Opinión

La manipulación globalista

Desde mediados del siglo pasado, diversas potencias corren una maratón para alcanzar la organización del poder a nivel mundial. Los avances tecnológicos han ido conformando la creación de una macro sociedad globalista, en donde ciertos países han dejado su impronta en determinados campos del saber. Pero como contrapunto a esta globalización objetiva, donde los avances a veces conllevan daños colaterales, ha ido creciendo también junto a ella, como la cizaña, otra globalización perniciosa y subrepticia: la de las ideas.

La ambición humana no tiene límites, sabido es, y como una bestia hambrienta va buscando qué o a quién devorar. Lejos de respetar la libertad individual, la idiosincrasia de los pueblos o el ámbito cultural de las sociedades, bajo el engaño, la manipulación y la dominación, el pensamiento unidireccional y la ideología globalista respaldada por variopintas plataformas, desean someter paulatina y deliberadamente al ser humano, negándole la posibilidad de reflexionar y la toma de decisiones.

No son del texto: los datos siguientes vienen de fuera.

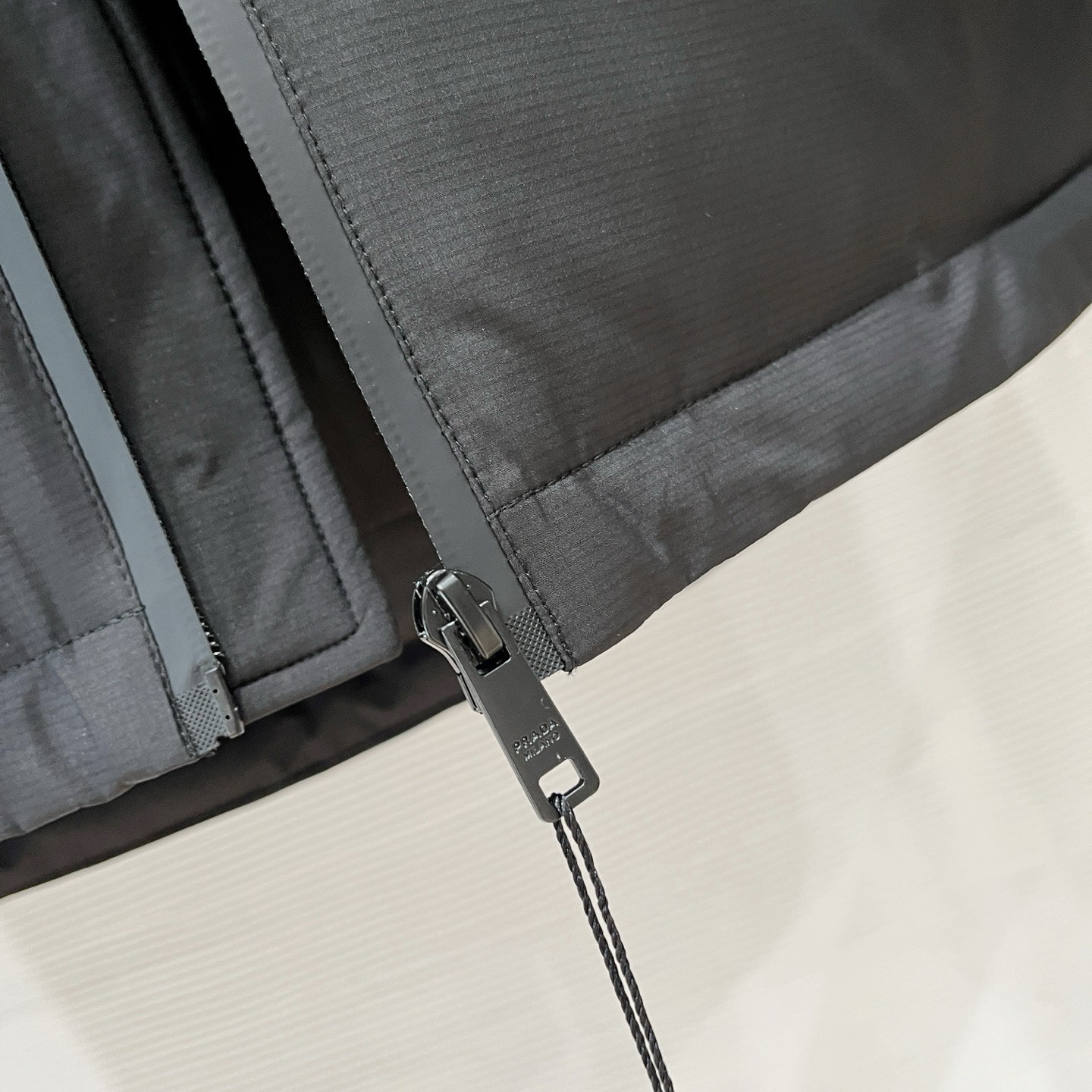 PRADA プラダ 2025新作 メンズダウンジャケット ブラック/ディープブルー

Sus objetivos son claros, abiertos y abyectos: doblegar la voluntad, pervertir la razón y distorsionar la capacidad de pensar. Y para llevar a cabo tales despropósitos, es necesario el auxilio de instrumentos de influencia y superioridad. A tal efecto, la globalización inicua hace acopio interesada y sectariamente de la sanidad, de la educación, de la economía y, cómo no, de la influencia mediática.

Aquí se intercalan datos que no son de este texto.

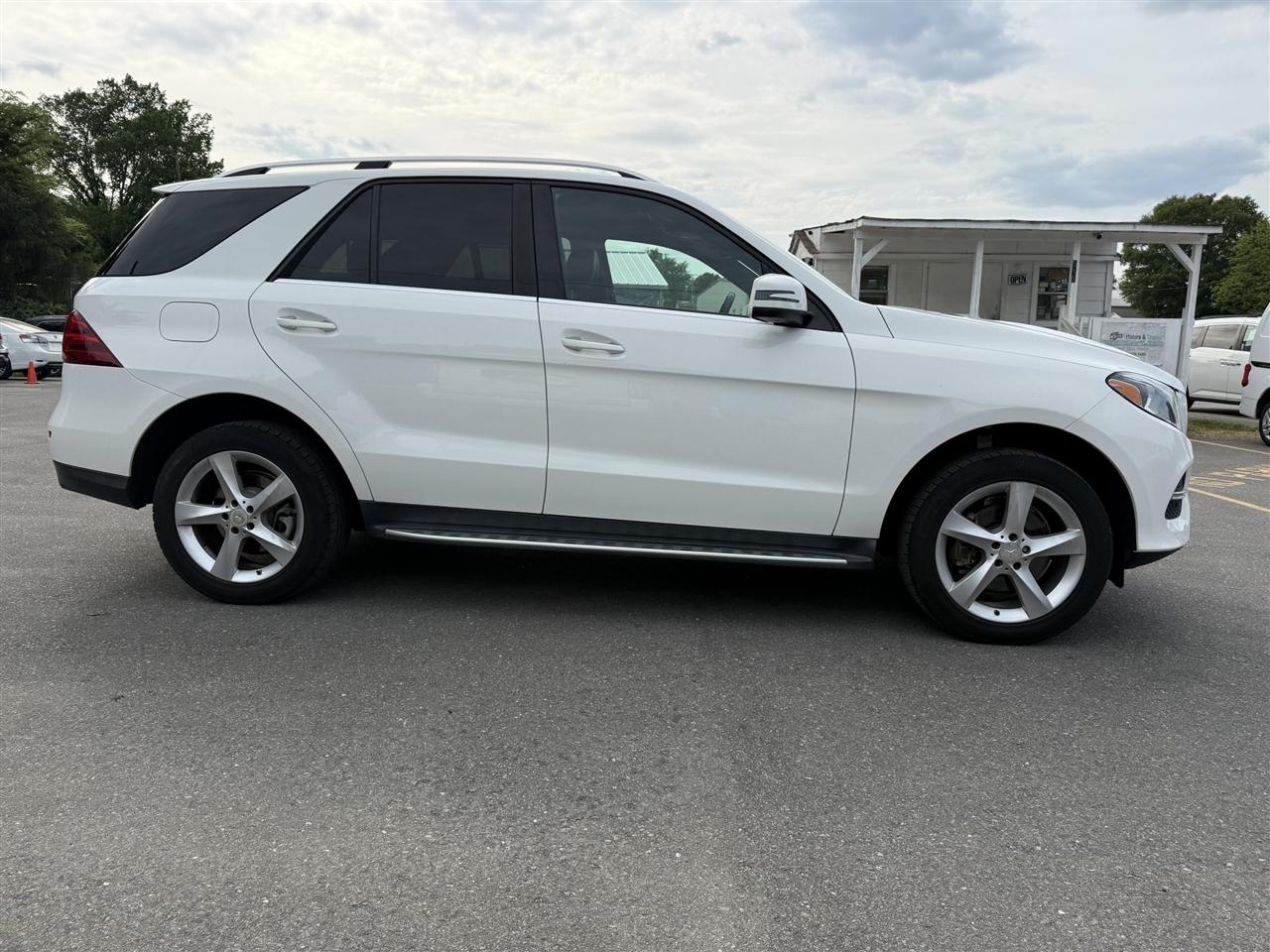 Mercedes-Benz GLE-Class  2016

Por tanto, la ideología globalista hará cuanto esté a su alcance para destruir la conciencia humana y rehacer la historia a su antojo, alienando con sus fábulas postmodernas las mentes lánguidas de los individuos. No escatimará recursos en relegar la autonomía personal para implantar en los mortales un programa estudiado minuciosamente con el fin de robotizar el carácter, anulando la opcionalidad frente a las cosas. En cualquier caso, negará la vía ética y dialéctica como método para afrontar con responsabilidad los problemas. Los intereses lucrativos lo impedirán.

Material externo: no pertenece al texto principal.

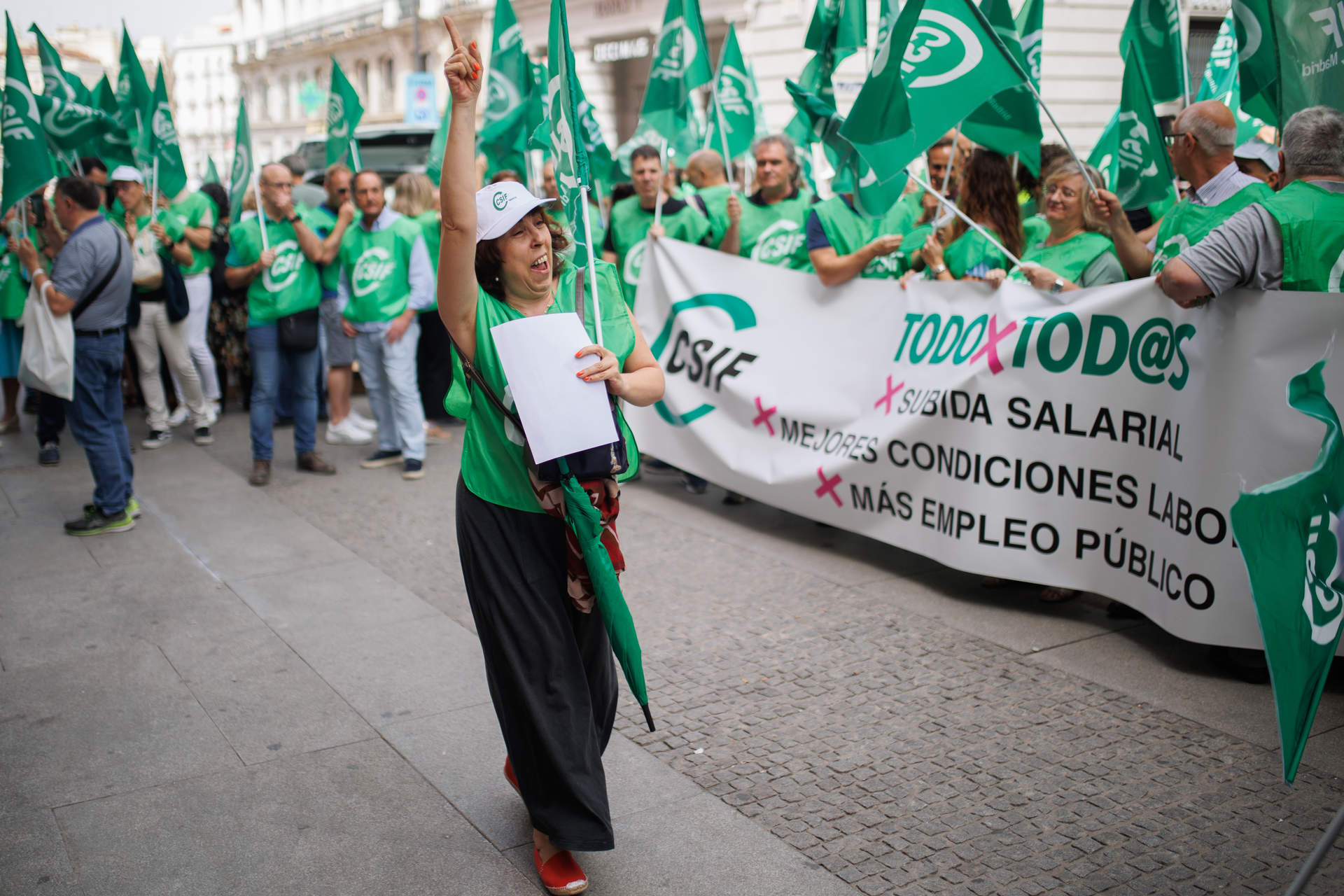 Varias personas con una pancarta durante una concentración del CSIF frente al Ministerio de Hacienda, a 27 de junio de 2024, en Madrid. Foto: Alejandro Martínez Vélez / Europa Press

La “nueva era”, el “nuevo orden mundial”, o como se le quiera llamar, anhela privarnos de la libertad, de nuestra propia e intransferible libertad, para que sea el consenso global de un puñado de opulentos totalitarios quien decida por nosotros mismos. O lo que es lo mismo, que un único poder plutocrático dicte desde sus instituciones las normas de conducta y las pautas de comportamiento que convengan según la moral de situación y el contexto útilmente diseñado.

Las soberanías de los estados irán perdiendo peso específico frente a las decisiones de organizaciones supranacionales, como las relativas a la seguridad, a la salud o a cualquiera que incida en el mega-bienestar social. Todas ellas tienen en común que despiden un hedor censor y altamente nocivo. Y digo peligroso porque cuando otros deciden por nosotros qué está bien y qué está mal, deviene la extinción de la dignidad humana dando paso a la esclavitud del descrédito intelectual.

No permitamos que los valores antropológicos que definen la esencia de la humanidad, así como las costumbres más arraigadas de la sabiduría popular y las creencias que animan trascendentalmente el sostenimiento de nuestras vidas, sean subvertidos por la dictadura de las ideas. ¿De verdad vamos a permitir caer en concesiones absolutistas e incluso malthusianas, de quienes se erigen en los neos-fascio-intelectuales de turno, adueñándose de nuestra propia integridad, convirtiéndonos en autómatas como aves de corral o borregos de un rebaño? Rotundamente me niego a contribuir en los errores de las mayorías timoratas. Que cada cual satisfaga su destino, sí, pero que la excreción no salpique.